Education and Common Core Standards, #5

An early sod school
In the final blog in my Education series, I will take a brief look at the history of education in America, and the motivation for creating universal standards to encourage a comparable education level for all entering the work force or continuing their educations beyond high school.

Past blogs have considered the differences of country schools, with their shortened school year and  one-room structures, in contrast to the larger schools in towns with full school terms.  Educational opportunities for wealthy children, whether access to nicer schools and better trained teachers, or special tutors, was also significantly different from rural children's educational opportunities.

Donnelly's novel
One of the Populist books in the library of Isaac Beckley Werner was Caesar's Column, a novel written in 1890 by populist leader, Ignatius Loyola Donnelly, about an imagined world in 1988 in which the wealthy controlled America and workers were abused and debased.  It is a grim tale, ending in chaos, but a few characters escape to create a new society in Africa.  The narrator of the novel describes the universal and compulsory education system they created for their utopian world:  "No one can vote who does not read and write.  We believe that one man's ignorance should not countervail the just influence of another man's intelligence.  Ignorance is not only ruinous to the individual, but destructive to society.  It is an epidemic which scatters death everywhere.

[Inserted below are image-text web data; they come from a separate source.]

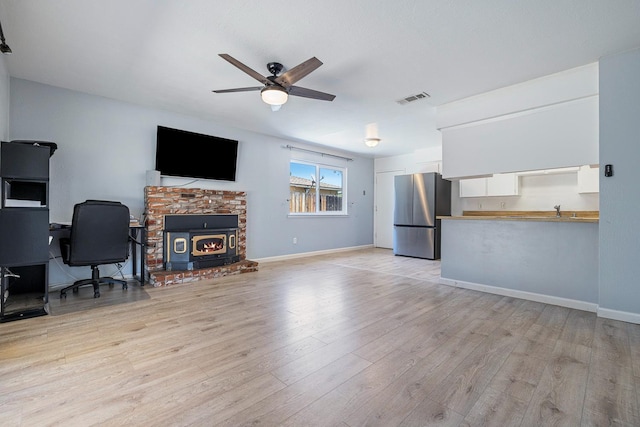 3318 Stanford Ave, Clovis, CA 93611 - living room featuring a ceiling fan, light wood finished floors, and a wood stove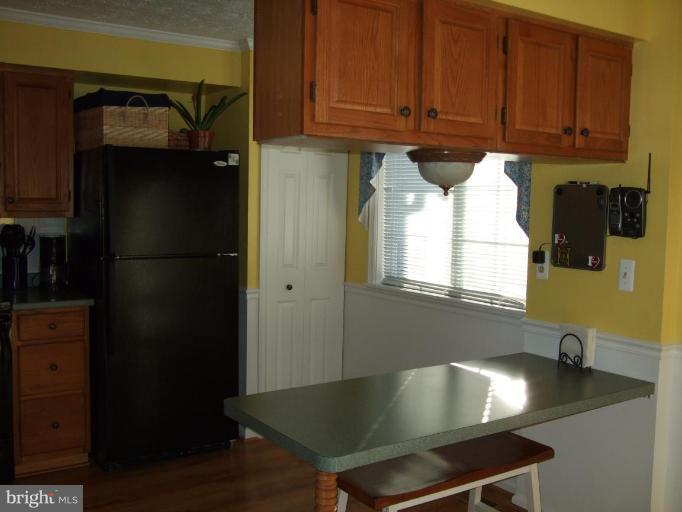 111 Cross Ridge Court Stafford, VA 22554 - Photo 3 of 23 a kitchen with stainless steel appliances granite countertop a refrigerator and a sink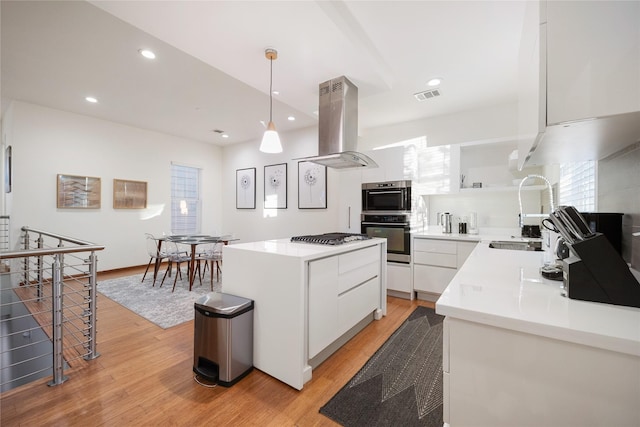 kitchen featuring white cabinets, sink, light hardwood / wood-style floors, decorative light fixtures, and island range hood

Continuing:  We abolish all private schools, except the higher institutions and colleges.  We believe it to be essential to the peace and safety of the commonwealth that the children of all the people, rich and poor, should, during the period of growth, associate together.  In this way, race, sectarian and caste prejudices are obliterated, and the whole community grow up together as brethren.  Otherwise, in a generation or two, we shall have the people split up into hostile factions, fenced in by doctrinal bigotries, suspicious of one another, and antagonizing one another in politics, business and everything else.

Finally, the utopians did not forget the importance of morality and religion, so they limited school to five days a week, thus leaving one day for the parents or pastors to take charge of their religious training in addition to the care given them on Sundays.

This passage from Donnally's 1890 novel, written during the Populist Movement, reveals some of the issues regarding education that continue to be debated.

As I have mentioned in earlier blogs, settlers on the prairie were insistent upon building schools in their communities as soon as possible.  It was a goal that was established early in America.  The Mayflower arrived in 1620, and the first Latin Grammar school was established in Boston in 1635.  It was, however, designed for the sons of a social class destined to be leaders of America's churches, courts, and government.

The education of less financially privileged children was more likely to take place in churches or homes.  By 1647 a law was passed in Massachusetts that every town with 50 families was required to hire a schoolmaster to teach their children to read and write.   Massachusetts towns with 100 families were required to have a Latin Grammar school with a master able to educate students adequately to enter Harvard college.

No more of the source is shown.